Face ao teor do acórdão desta Relação (Secção Social), de 06/01/2014, proferido no processo nº 1029/10.6TTVNG.P1, poderia acolher-se a pretensão da apelante H… no sentido de ser reconhecido o seu crédito privilegiado, no montante de € 86.035,92.
Porém, esse acórdão ainda não transitou em julgado, segundo informação prestada, nesta data, pela secretaria da Secção Social desta Relação (existe uma reclamação do não recebimento do recurso interposto pelo aí réu, aqui devedor apelado, B…).
Tal não impede, antes impõe, que se considere reconhecido nestes autos, sob condição (trânsito em julgado do mencionado acórdão desta Relação), um crédito de H… no montante de € 59.251,67, a acrescer ao já reconhecido pela administradora judicial provisória no valor de € 26.784,25.
Deste modo, se e quando tal aresto vier a transitar em julgado, atender-se-á ao clausulado em c), do item 5.2.1., do plano de recuperação aprovado: “c) No que concerne aos créditos que se encontram sob condição, caso a mesma se venha a verificar, o pagamento far-se-á nas mesmas condições do plano”).
Subsiste, para já, apenas o crédito reconhecido no PER a H…, no montante de € 26.784,25.
Improcede, assim, o concluído pelos recorrentes D…, E… e F…, na respectiva alegação, e procedente, na justa medida do expendido, o concluído pela recorrente H….

3- DECISÃO

Pelo exposto, acordam os juízes deste Tribunal da Relação em julgar:
a) Improcedente a apelação deduzida pelo C…, S.A., confirmando-se a decisão recorrida que homologou o plano de recuperação acordado no PER, pelo requerente B…;
b)Improcedentes as apelações deduzidas pelos credores D…, E… e F…;
c) Parcialmente procedente a apelação interposta pela credora H…, reconhecendo-se, nestes autos, sob condição (trânsito em julgado do acórdão desta Relação, Secção Social, de 06/01/2014, proferido no processo nº 1029/10.6TTVNG), um crédito no montante de € 59.251,67, a acrescer ao já reconhecido pela administradora judicial provisória, no valor de € 26.784,25.
No mais, mantém-se o decidido na 1ª instância.
Custas das apelações deduzidas pelo C…, S.A., D…, E… e F…, pelos apelantes.
Na apelação intentada pela credora H…, as custas serão suportadas por apelante e apelada, na proporção de 2/3 e 1/3, respectivamente.
Notifique.
*
Anexa-se o sumário.

Porto, 30/06/2014
Caimoto Jácome
Macedo Domingues
Oliveira Abreu
________________
SUMÁRIO (ARTº 713º, nº 7, do CPC, actual artº 663º, nº 7):
I- Com a introdução do PER no CIRE, a satisfação dos direitos dos credores deixou de ocupar o lugar privilegiado que vinha tendo, passando, com a Lei n.º 16/2012, de 20 de Abril, que alterou o paradigma, a integrar o objectivo principal o da possibilidade de recuperação ou revitalização do devedor, em detrimento da figura da sua liquidação.
II- O princípio da igualdade dos credores configura-se como uma trave basilar e estruturante na regulação dos planos de insolvência e recuperação.

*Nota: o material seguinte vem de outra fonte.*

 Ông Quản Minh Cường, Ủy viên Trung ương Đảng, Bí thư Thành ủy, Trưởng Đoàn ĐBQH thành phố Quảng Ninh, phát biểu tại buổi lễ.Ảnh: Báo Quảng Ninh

A sua afectação traduz, por isso, seja qual for a perspectiva, uma violação grave, não negligenciável, das regras aplicáveis, sendo fundamento de recusa da homologação judicial do plano de recuperação.

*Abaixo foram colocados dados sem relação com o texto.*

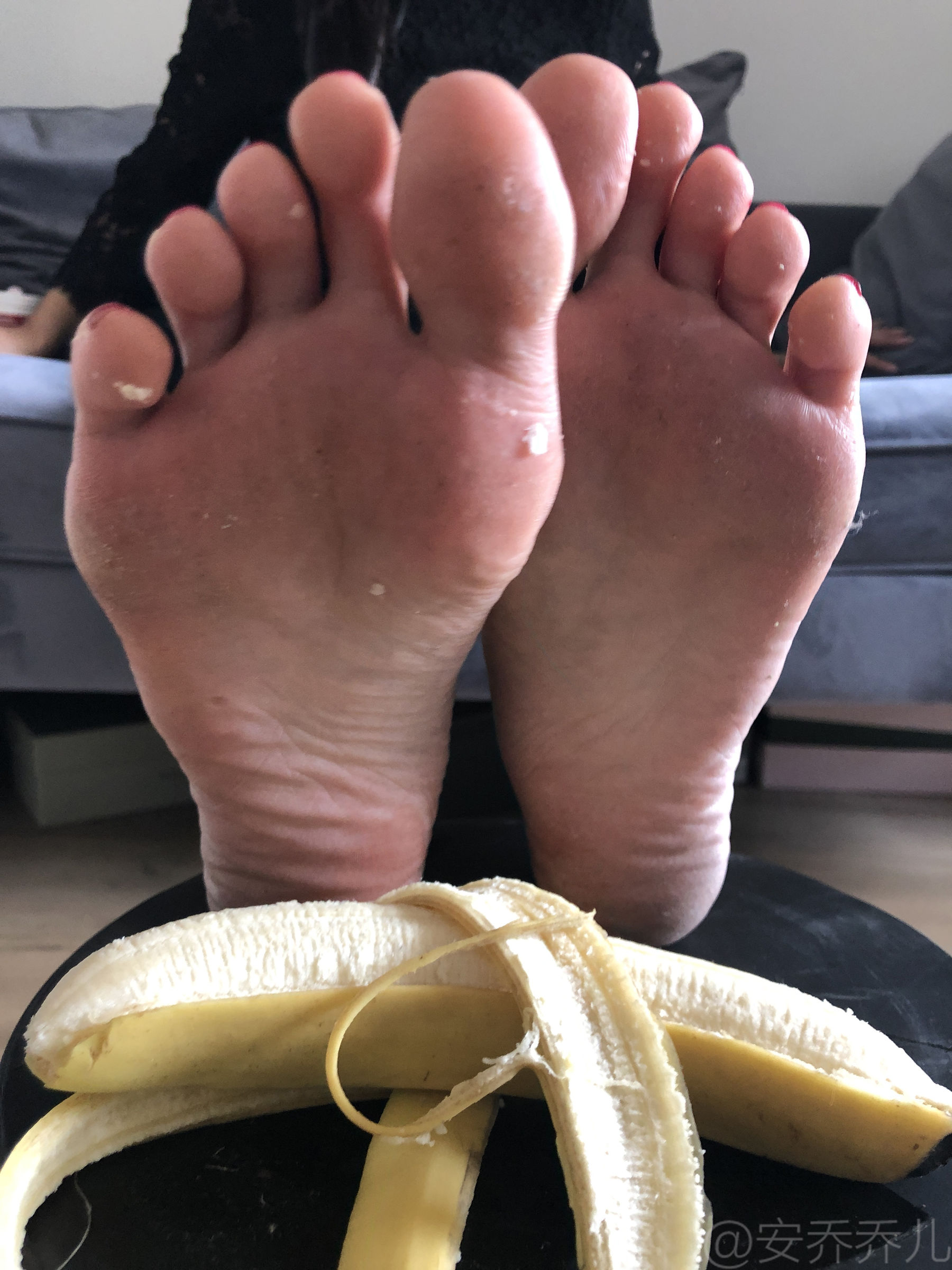 安乔乔儿(Nia乔乔) No.009 踩香蕉-图57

III- Incumbe ao credor oponente a prova, em termos plausíveis, de que o plano de recuperação o coloca numa situação menos favorável do que aquela que decorreria da ausência de qualquer plano (artº 216º, do CIRE).

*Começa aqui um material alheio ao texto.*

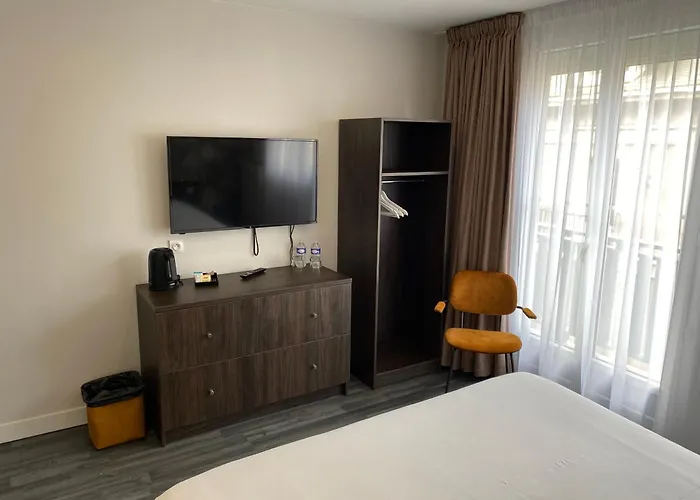 Hotel Les Remparts 2*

IV- O êxito do PER, ou seja, a recuperação do devedor, não pode ser paralisado por um credor que não aceite uma decisão tomada pela maioria dos credores, quando essa decisão (plano de recuperação) não evidencia, como no caso, uma violação grave não negligenciável das regras procedimentais ou das normas aplicáveis ao conteúdo do plano.
V- As ações previstas (cobrança de dívidas – artº 17º-E, nº 1, do CIRE), que não podem ser instauradas, se suspendem ou se extinguem, são as ações declarativas e as executivas.